THE RATIONALE OF VERSE.*

BY EDGAR A. POE.

The word “Verse” is here used not in its strict or primitive sense, but as the term most convenient for expressing generally and without pedantry all that is involved in the consideration of rhythm, rhyme, metre, and versification.

There is, perhaps, no topic in polite literature which has been more pertinaciously discussed, and there is certainly not one about which so much inaccuracy, confusion, misconception, misrepresentation, mystification, and downright ignorance on all sides, can be fairly said to exist. Were the topic really difficult, or did it lie, even, in the cloudland of metaphysics, where the doubt-vapors may be made to assume any and every shape at the will or at the fancy of the gazer, we should have less reason to wonder at all this contradiction and perplexity; but in fact the subject is exceedingly simple; one tenth of it, possibly, may be called ethical; nine tenths, however, appertain to the mathematics; and the whole is included within the limits of the commonest common sense.

“But, if this is the case, how”, it will be asked, “can so much misunderstanding have arisen? Is it conceivable that a thousand profound scholars, investigating so very simple a matter for centuries, have not been able to place it in the fullest light, at least, of which it is susceptible?” These queries, I confess, are not easily answered: — at all events a satisfactory reply to them might cost more trouble than would, if properly considered, the whole vexata quæstio to which they have reference. Nevertheless, there is little difficulty or danger in suggesting that the “thousand profound scholars” may have failed,

[page 2, Leavitt fragment:]  

first because they were scholars, secondly because they were profound, and thirdly because they were a thousand — the impotency of the scholarship and profundity having been thus multiplied a thousand fold. I am serious in these suggestions; for, first again, there is something in “scholarship” which seduces us into blind worship of Bacon's Idol of the Theatre — into irrational deference to antiquity; secondly, the proper “profundity” is rarely profound — it is the nature of Truth in general, as of some ores in particular, to be richest when most superficial; thirdly, the clearest subject may be overclouded by mere superabundance of talk. In chemistry, the best way of separating two bodies is to add a third; in speculation, fact often agrees with fact and argument with argument, until an additional well-meaning fact or argument sets every thing by the ears.

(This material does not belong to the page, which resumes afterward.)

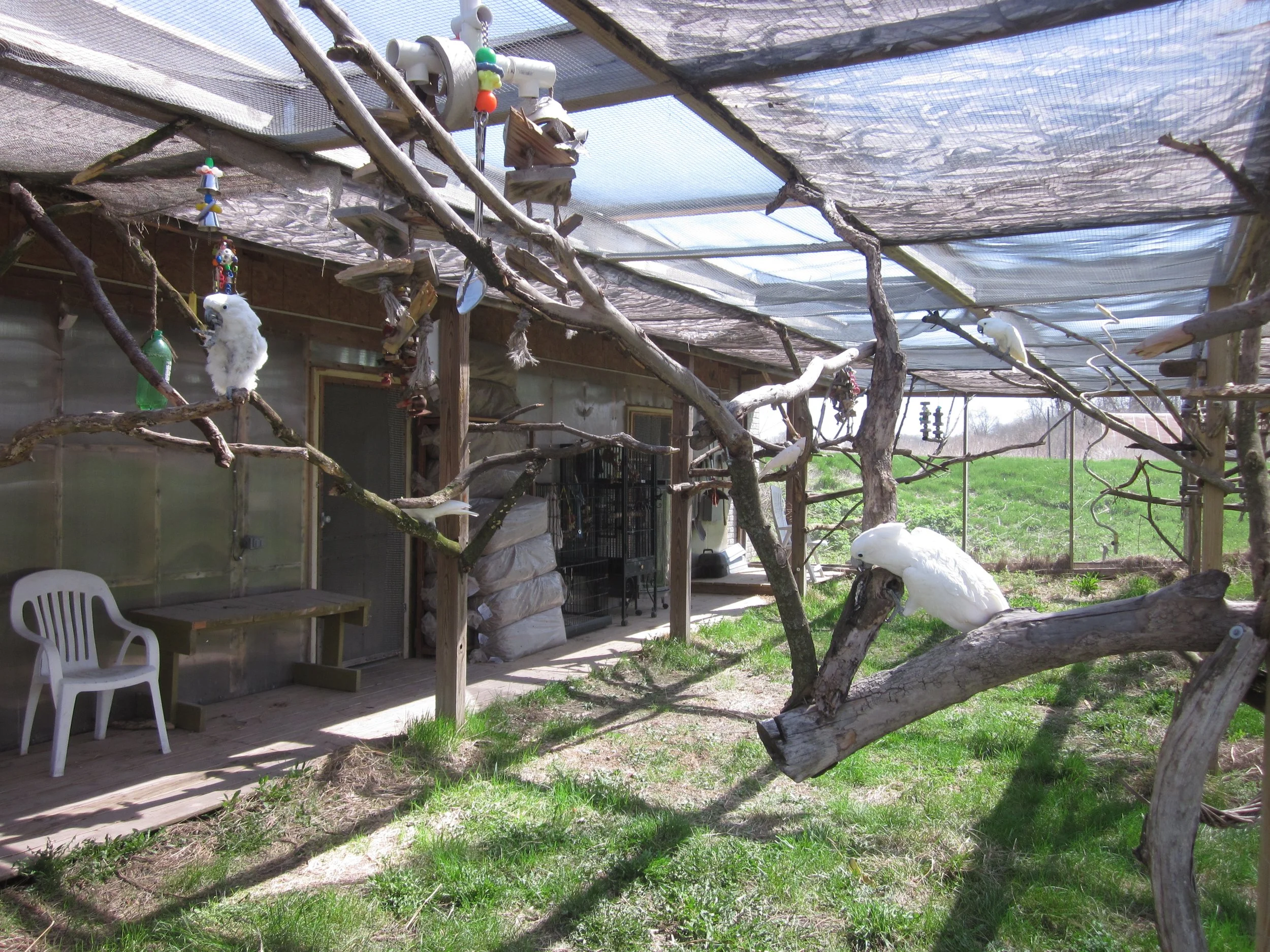 Cockatoos get to chew up everything when they're outside! Or inside... or anywhere they can get their beaks on something, really.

In one case out of a hundred a point is excessively discussed because it is obscure; in the ninety-nine remaining it is obscure because excessively discussed. When a topic is thus circumstanced, the readiest mode of investigating it is to forget that any previous investigation has been attempted.

But, in fact, while much has been written on the Greek and Latin rhythms, and even on the Hebrew, little effort has been made at examining that of any of the modern tongues. As regards the English, comparatively nothing has been done. It may be said, indeed, that we are without a treatise on our own verse. In our ordinary grammars and in our works on rhetoric or prosody in general, may be found occasional chapters, it is true, which have the heading, “Versification”, but these are, in all instances, exceedingly meagre. They pretend to no analysis; they propose nothing like system; they make no attempts at even rule; every thing depends upon “authority.” They are confined, in fact, to mere exemplification of the supposed varieties of English feet and English lines; — although 

[page 3, Valentine fragment:]  

in no work with which I am acquainted are these feet correctly given or these lines detailed in anything like their full extent. Yet what has been mentioned is all — if we except the occasional introduction of some pedagogue-ism, such as this borrowed from the Greek Prosodies: — “When a syllable is wanting, the verse is said to be catalectic; when the measure is exact, the line is acatalectic; when there is a redundant syllable it forms hypermeter.” Now whether a line be termed catalectic or acatalectic is, perhaps, a point of no vital importance; — it is even possible that the student may be able to decide, promptly, when the a should be employed and when omitted, yet be incognizant, at the same time, of all that is worth knowing in regard to the structure of verse.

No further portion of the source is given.